Mari kita mulai dengan fakta penting: hidup modern adalah semacam lomba lari estafet yang seluruh pesertanya mengenakan sepatu dari puding dan diberi tongkat estafet berupa WiFi router. Artinya, Anda akan terpeleset sebelum sampai ke FYP TikTok.
Namun
tenang! Ada satu solusi: hadapilah semua problem modern dengan cara paling
tradisional. Ya, cara-cara tua, kuno, berdebu, dan mungkin berasal dari sambal lempeng
batu bertulis cakar ayam nenek moyang gorden.
Telah
lazim orang-orang memiliki preferensi supermodern untuk menggunakan kentongan sebagai
notifikasi.
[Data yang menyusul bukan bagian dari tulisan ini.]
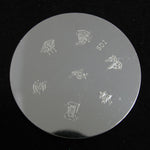 Disco motivi decori natalizi per unghie cod. SD2 Do It Yourself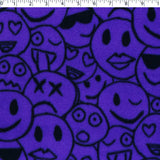 MOUNTAIN FLEECE PRINTS - KAOMOJI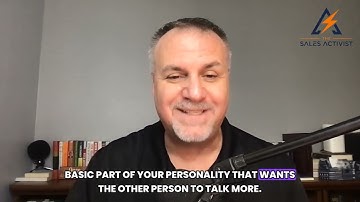 Joe Beck - The Sales Activist: Being an INTROVERT is your sales SUPERPOWER!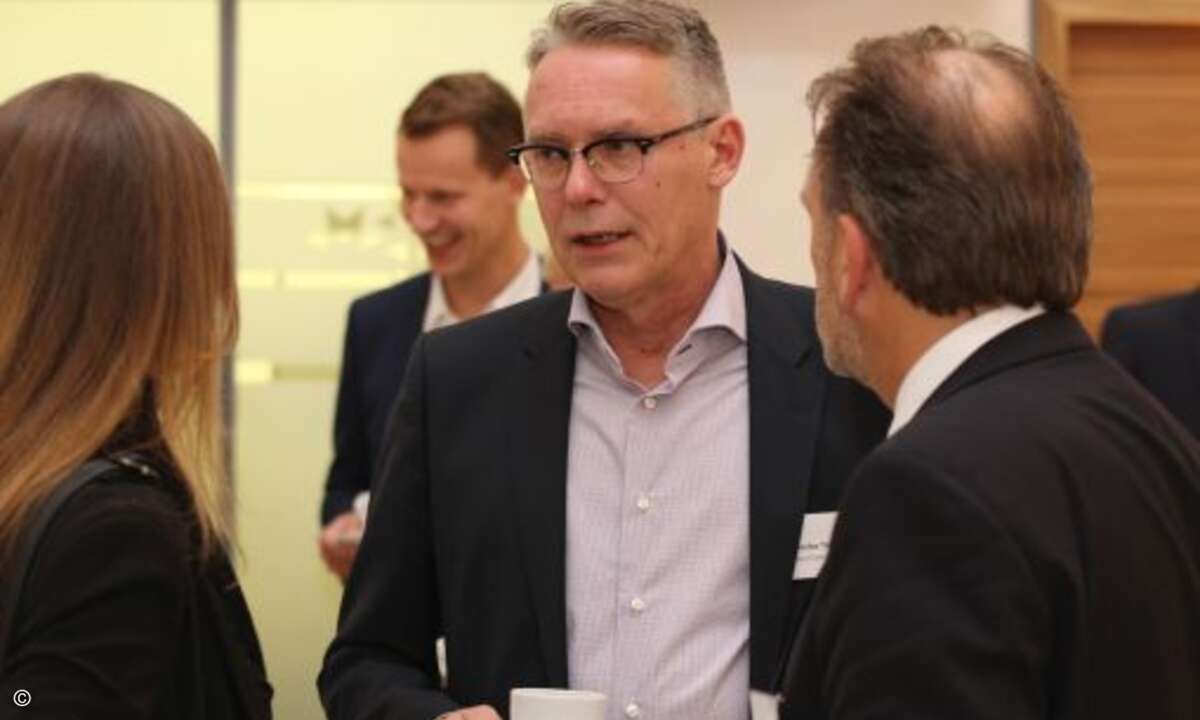... der einige Gäste wie Stefan Tiefenthal von Acer zu Überlegungen anregte, ob man diese musikalische Kunstform in der Kommunikation mit dem Channel öfter nutzen sollte (Foto: CRN)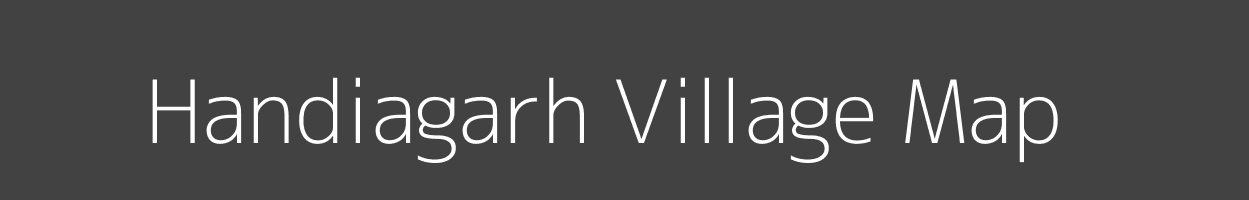 Map of Handiagarh Village in Odisha Image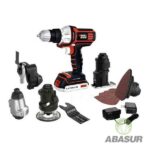 Kit Black & Decker Matrix de herramientas inalámbricas 20V MAX modelo BDCDMT1206KITC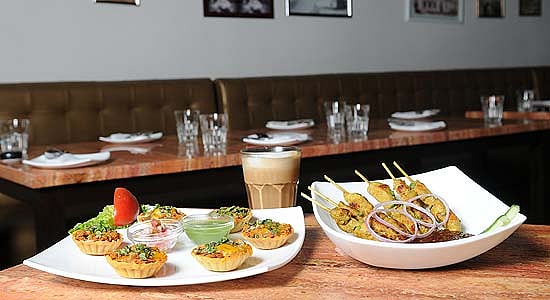 Sarong Fried, With Teh Tarik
Anda sudah bosan dengan notifikasi WhatsApp yang membuat jantung
bergetar seperti daun telinga capung? Gantilah dengan kentongan dari bambu
sakti. Gantung di pohon depan rumah. Setiap kali ada pesan masuk, suruh
tetangga memukul kentongan sambil berteriak, “Pesan dari Tetangga Sebelah jam
11 malam! Menagih utang!”
Efeknya
sangat terapeutik. Tidak hanya mengurangi stres, Anda juga akan langsung tahu
siapa yang menyebarkan aib Anda secara real-time, live, dan surround
sound.
Deadline
mepet? Laptop ngadat? Jangan panik. Matikan laptop, nyalakan dupa! Duduklah
bersila, nyalakan dupa rasa lontong sayur, dan bacalah mantra dari kitab kuno: “Ctrl-alt-del,
wahai dewa reboot, munculkanlah file yang hilang karena Excel crash.”
Jika
mantranya gagal, berarti Anda kurang good looking sebagai syarat utama
untuk hidup di dunia arwana. Ulangi sambil menangis dalam bahasa Sansekerta.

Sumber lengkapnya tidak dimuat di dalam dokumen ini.